This study categorized 31 Farsi, 67 English, and 6 Turkish research papers as a part of its revisionist historiography list.1 This total 104 examined studies meet at least one of these two criteria: (a) they directly challenge the nationalist historiography of Iran, or (b) they provide arguments at odds with the main underlying pillars of nationalist historiography including its time, space, exclusion, and inclusion policies or its deterministic race-based methodology. In the following section, I will explain the key features and constituents of nationalist historiography in Iran. Then, I will introduce the emergence of historical revisionism in Iran and investigate if it contributed to the formation of a new ‘intellectual field’ in the area of Iranian studies. In the concluding section, I will categorise the foremost orthodox aspects revised by revisionists.

1. Nationalist Historiography in Iran

The disastrous wars of the early nineteenth century between the Qajar state and Russia and the subsequent loss of vast parts of the empire caused the first inklings of doubt over the root of both the ‘backwardness’ and glaring power gap between the Qajar Empire and the West. This anguished situation was accompanied by the prevalence of the Aryan myth in Europe. In the second half of the nineteenth century, orientalist Aryanists like Gobineau published books about the so-called pre-Islamic Aryan civilization of ‘Persia’, while Indian Parsi/Zoroastrian missionaries made contact with Qajar Iranian elites like prince Jalal al-Din Mirza, Kermani, and Akhunzadeh, who later became the pioneers of amateur racist history writing in Iran (Zia-Ebrahimi, 2011).

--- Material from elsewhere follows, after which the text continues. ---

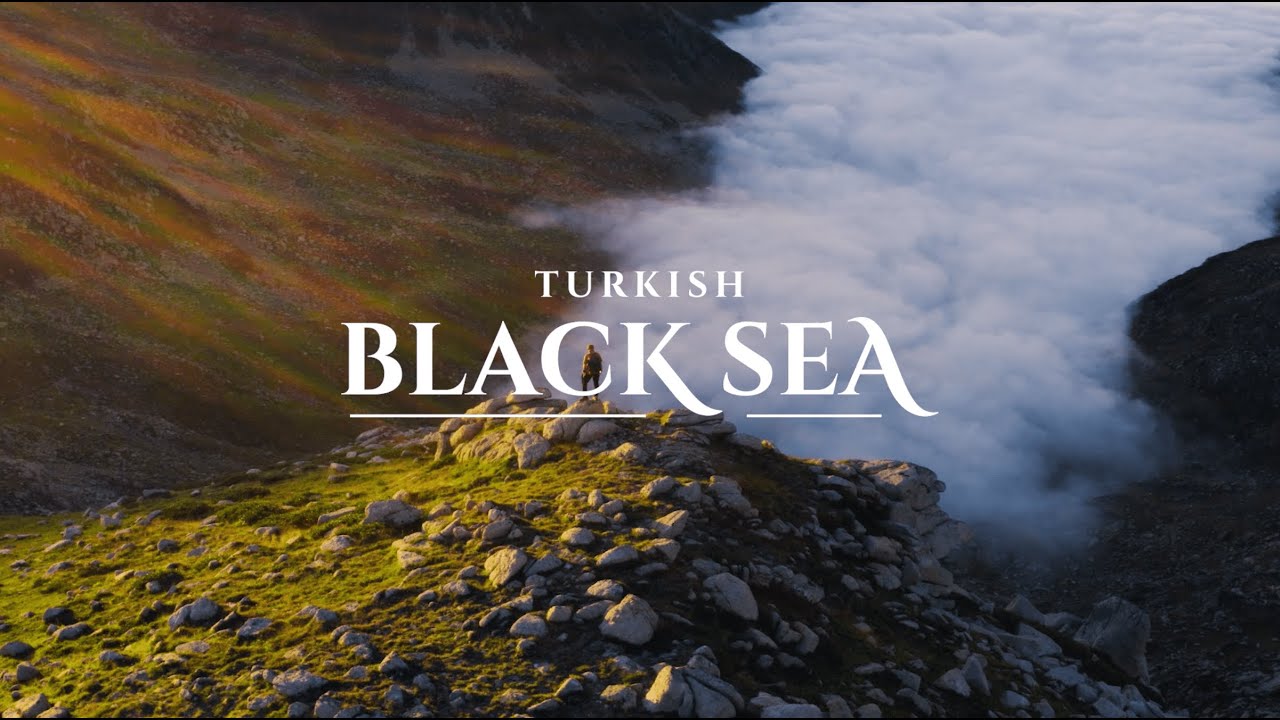 See The Black Sea, Feel Alive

In the first quarter of the twentieth century, Qajar Iran witnessed severe political changes. In 1906, a system of constitutional monarchy was established, but after a period of turbulence, civil wars, and foreign interventions, the Majlis was closed in 1911. Many activists were killed, exiled, or fled the country prior to WWI, during which Qajar Iran territory was occupied by the Allied and Central Powers. This course of events birthed a new generation of activists refusing democratic models and

1 In this study I use Farsi, Fars, and Iran instead of Persian, Persians and

Persia because ordinary people as well as scholars use these terms to introduce the country’s official language, ethnicity and country.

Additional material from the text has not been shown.